About this exercise
Starting at the first line of the data, print each line verbatim up to and including the line bearing "SMOKE SHORT URBAN", omitting pictures.

· · · · ·

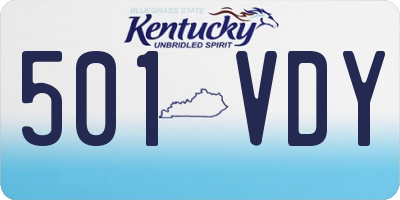 KY license plate 501VDY
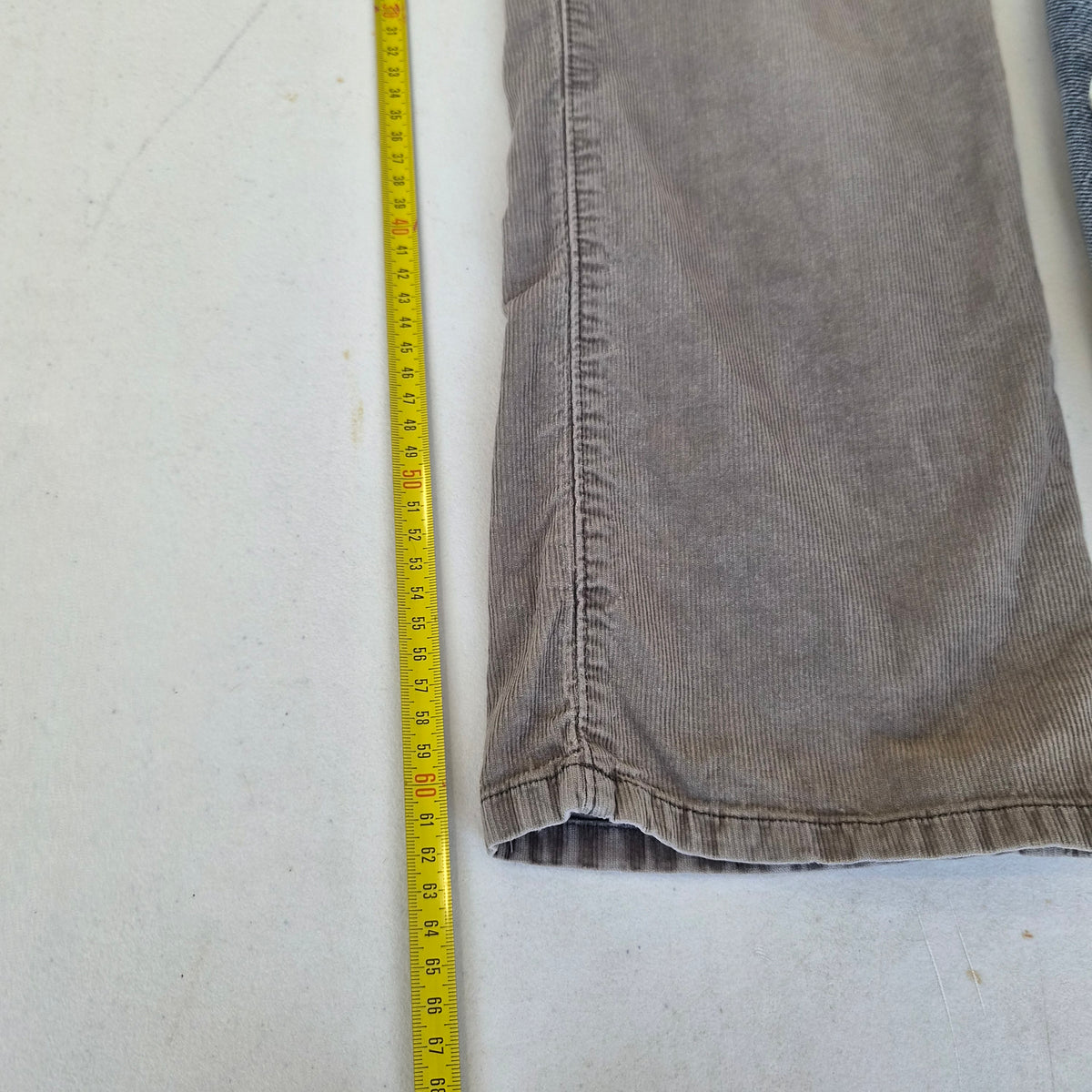 Pantalon Lands' End velours côtelé taupe – T.42 Petite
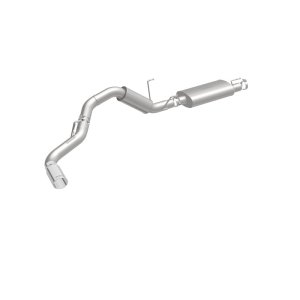 Ram 2500 Performance Exhaust - Single Passenger Side Rear Exit - Magnaflow - Street Series Cat-Back - Polished - `14-`15
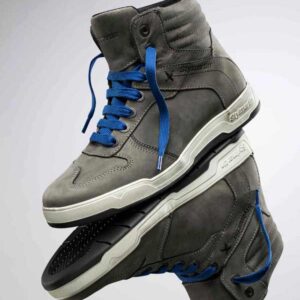 SMOKE SHORT URBAN BOOTS GREY LEATHER 41 - Image 2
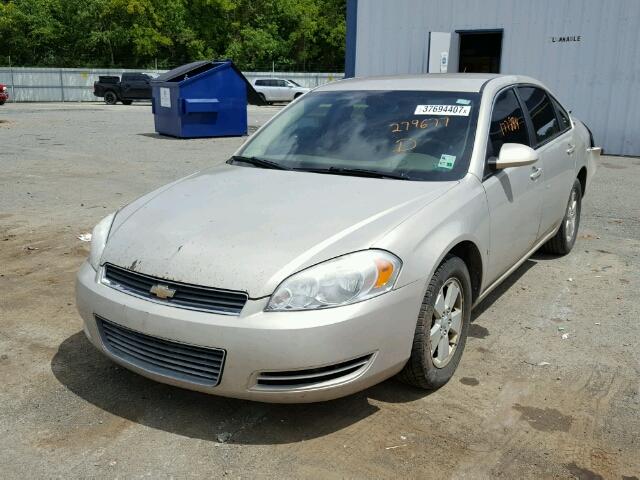 2G1WT58K881279677 - 2008 CHEVROLET IMPALA LT TAN photo 2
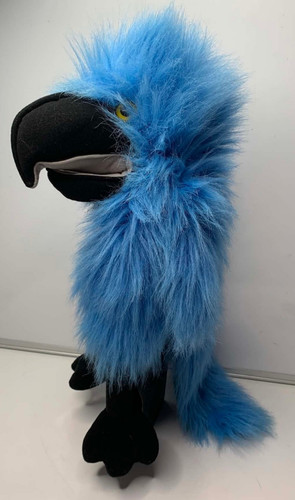 Puppet company blue parrot - company,
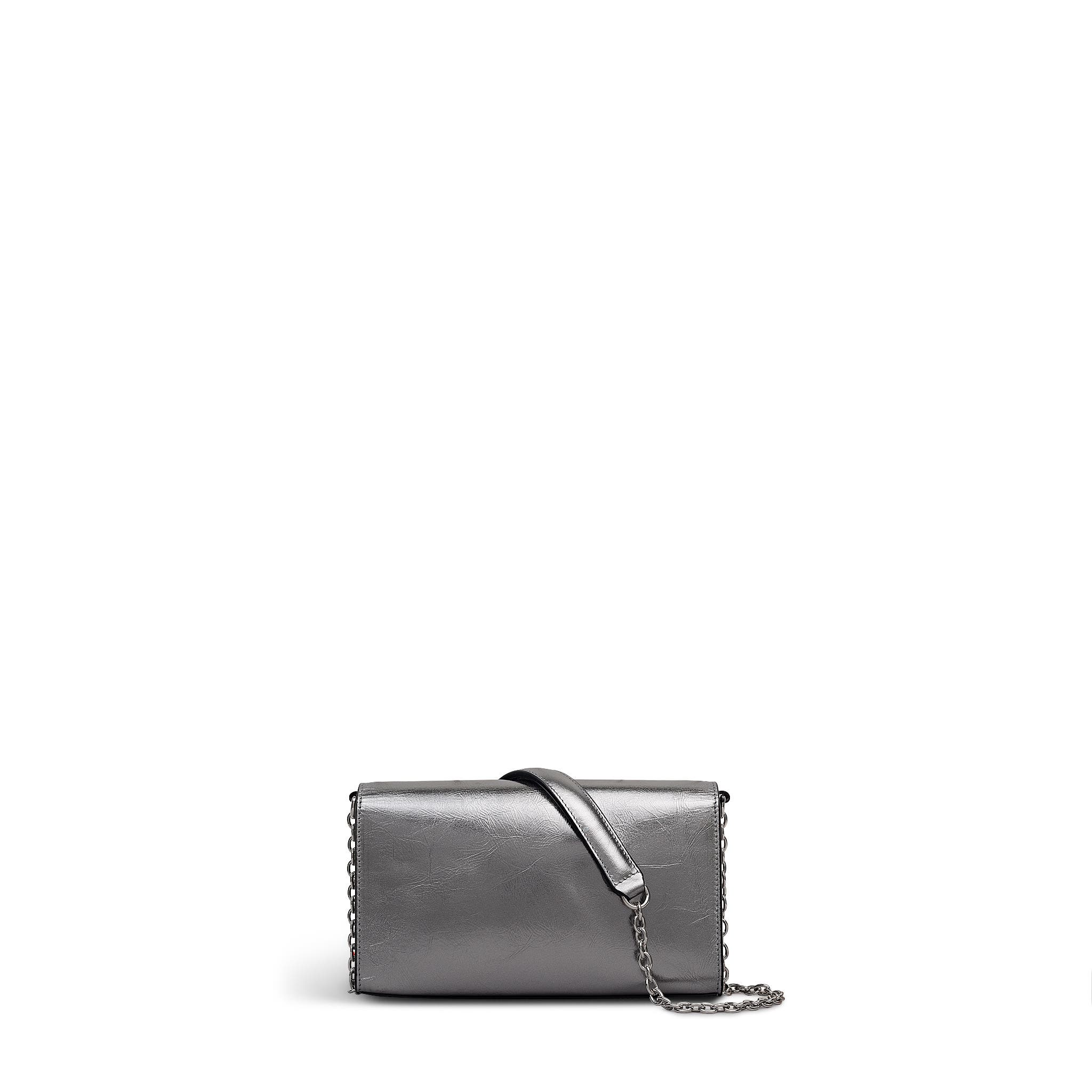 Radley The Rathbone - Metallic Micro Flapover Crossbody Bag, Alternate, color, Silver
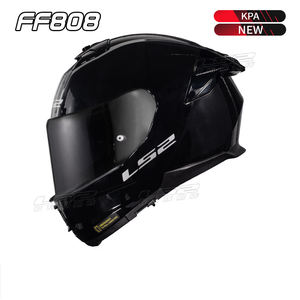 หมวกกันน็อคมอเตอร์ไซค์ Ls2 FF808 รุ่นใหม่ เลนส์คู่ วัสดุ ABS ป้องกันการเจาะทะลุ สำหรับผู้ชายและผู้หญิง แบบเต็มใบ สไตล์รถแข่ง ใช้ได้ทุกฤดู ป้องกันฝ้า KPA - Product Image 2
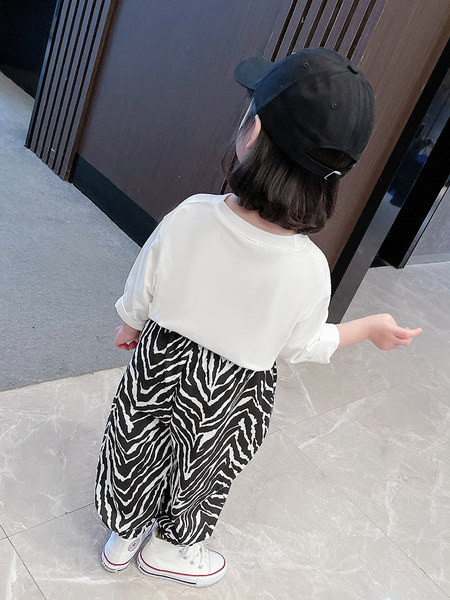 Set bluza si pantaloni copii cu cravate pentru fete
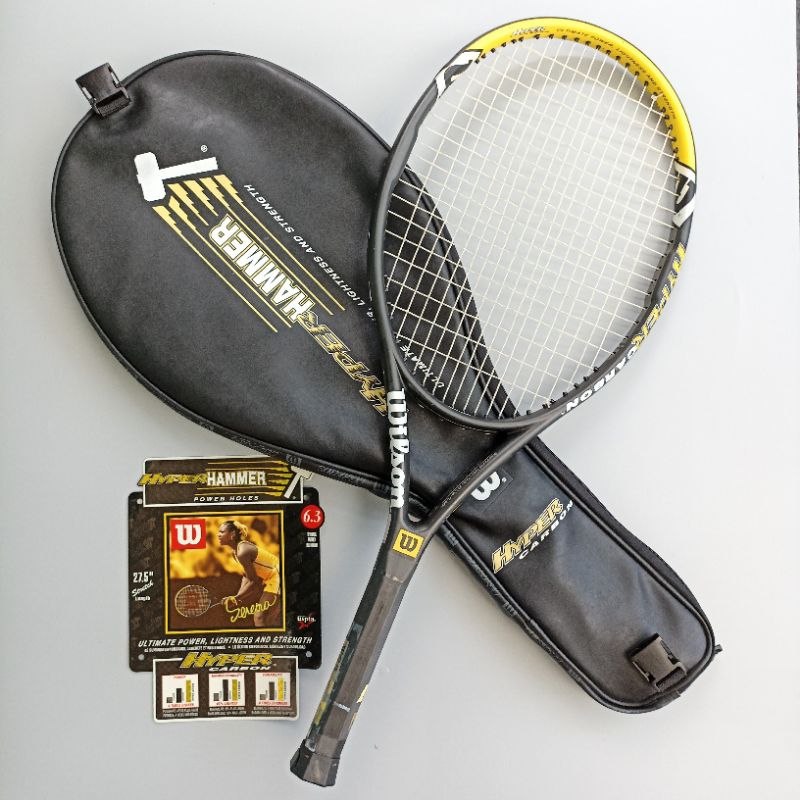 WILSON >> HYPER HAMMER HYPER CARBON 6.3 ไม้เทนนิสมือสอง Tennis Racket หน้าไม้ 110 sq.in. ยาว 27.5 นิ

· · · · ·

Task result
 KY license plate 501VDY
 Pantalon Lands' End velours côtelé taupe – T.42 Petite
 Ram 2500 Performance Exhaust - Single Passenger Side Rear Exit - Magnaflow - Street Series Cat-Back - Polished - `14-`15
 SMOKE SHORT URBAN BOOTS GREY LEATHER 41 - Image 2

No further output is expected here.